Adherence to inhaled therapy and its impact on chronic obstructive pulmonary disease (COPD)

BMC Pulmonary Medicine201818:163

https://doi.org/10.1186/s12890-018-0724-3

  • Received: 16 April 2018
  • Accepted: 18 September 2018
  • Published:
Open Peer Review reports

Abstract

Background

COPD is a treatable disease with increasing prevalence worldwide. Treatment aims to stop disease progression, to improve quality of life, and to reduce exacerbations. We aimed to evaluate the association of the stage of COPD on adherence to inhaled therapy and the relationship between adherence and COPD exacerbations.

Methods

A retrospective analysis of patients hospitalized for acute exacerbation of COPD in a tertiary care hospital in Upper Austria and discharged with a guideline conform inhaled therapy was performed. Follow-up data on medical utilization was recorded for the subsequent 24 months. Adherence to inhaled therapy was defined according to the percentage of prescribed inhalers dispensed to the patient and classified as complete (> 80%), partial (50–80%) or low (< 50%).

Results

Out of 357 patients, 65.8% were male with a mean age of 66.5 years and a mean FEV1 of 55.0%pred. Overall, 35.3% were current smokers, and only 3.9% were never-smokers. In 77.0% inhaled triple therapy (LAMA + LABA + ICS) was prescribed. 33.6% showed complete adherence to their therapy (33.2% in men, 34.4% in women), with a mean age of 67.0 years. Mean medication possession ratio by GOLD spirometry class I – IV were 0.486, 0.534, 0.609 and 0.755, respectively (p = 0.002). Hence, subjects with complete adherence to therapy had a significantly lower FEV1 compared to those with low adherence (49.2%pred. vs 59.2%pred., respectively; p <  0.001).

The risk of exacerbations leading to hospitalization was 10-fold higher in GOLD spirometry class IV compared to GOLD spirometry class I, which was even more evident in multivariate analysis (OR 13.62).

Conclusion

Complete adherence to inhaled therapy was only seen in 33.6% and was higher among those with more severe COPD.

Trial registration

Not applicable.

Keywords

  • Chronic obstructive pulmonary disease
  • Adherence
  • Inhaled therapy

Background

Chronic obstructive pulmonary disease (COPD) is an underdiagnosed, preventable and treatable disease with increasing prevalence worldwide.
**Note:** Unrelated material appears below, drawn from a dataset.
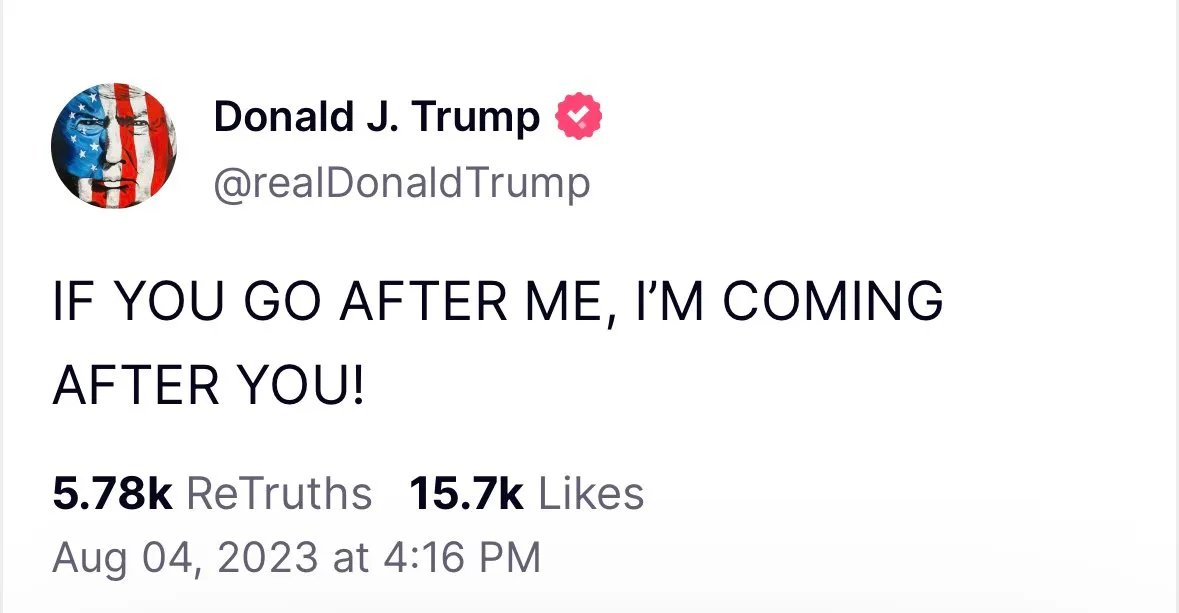 JoyceWhiteVance's tweet photo. That’s a threat, made by a defendant in a criminal case, after being warned by a judge that there were consequences for violating conditions of release. Trump may think he can be cute and deny it if confronted. Maybe he’ll use his usual line: it’s just a joke. But we can all see it for what it is. https://t.co/EcmcXyo2tW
It has been a major problem over decades and will be a challenge within the twenty-first century [14].

To reduce mortality in COPD patients, lower the economic and clinical burden and to improve quality of life, it is crucial to prevent disease progression, reduce exacerbation rates and focus on the treatment of comorbidities [59]. Adherence to inhaled therapy appears to have significant impact on treatment goals. Therefore, it is crucial to increase the patients’ and physicians’ awareness concerning this topic.
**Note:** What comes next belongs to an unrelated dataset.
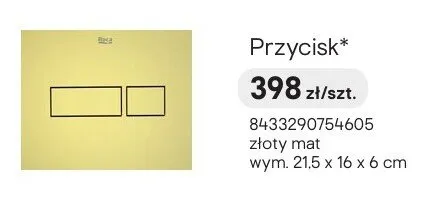 Przycisk spłukujący Roca złoty mat promocja w Castorama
Only few data are available on adherence and influencing factors. A meta-analysis of over 50 years of research on adherence shows an association between adherence and social and emotional resources [10, 11]. In a study of patients including those with COPD by Balkrishnan et al., the numbers of hospitalization rates and physician visits were reduced in patients who were adherent to prescribed therapy [12].

Nonadherence is a tremendous problem in the treatment of patients in general [13]. Furthermore, adherence in COPD patients is particularly poor and reported nonadherence rates range from 50 to 80% [1416].

In patients with COPD, nonadherence to inhaled therapy is caused by several factors and could lead to high mortality and morbidity as well as hospitalizations and a reduced quality of life [14, 1721]. Thus, the consequences of nonadherence, clinically and economically, are neither completely obvious nor fully understood, but there is an association between nonadherence and increasing healthcare costs [17, 19, 22, 23].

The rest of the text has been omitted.